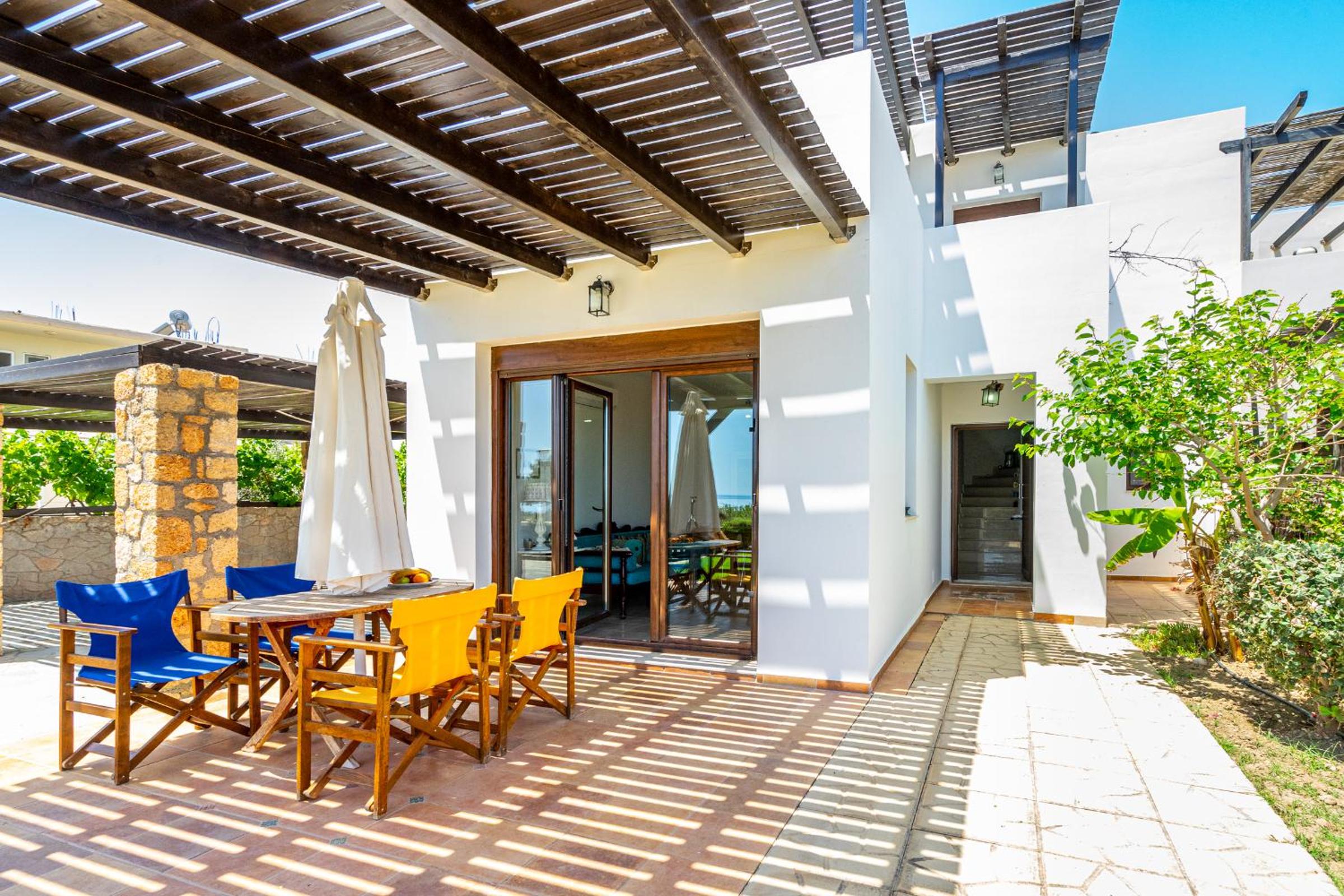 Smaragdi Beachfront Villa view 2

--

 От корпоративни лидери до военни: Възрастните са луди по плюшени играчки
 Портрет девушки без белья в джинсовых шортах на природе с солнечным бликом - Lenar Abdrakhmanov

_TASK REQUIREMENTS_
Using only the listing above, restate exactly the lines from the line containing "От корпоративни лидери" through the line containing "Портрет девушки без", both included.

_SOLUTION TO THIS TASK_
 От корпоративни лидери до военни: Възрастните са луди по плюшени играчки
 Портрет девушки без белья в джинсовых шортах на природе с солнечным бликом - Lenar Abdrakhmanov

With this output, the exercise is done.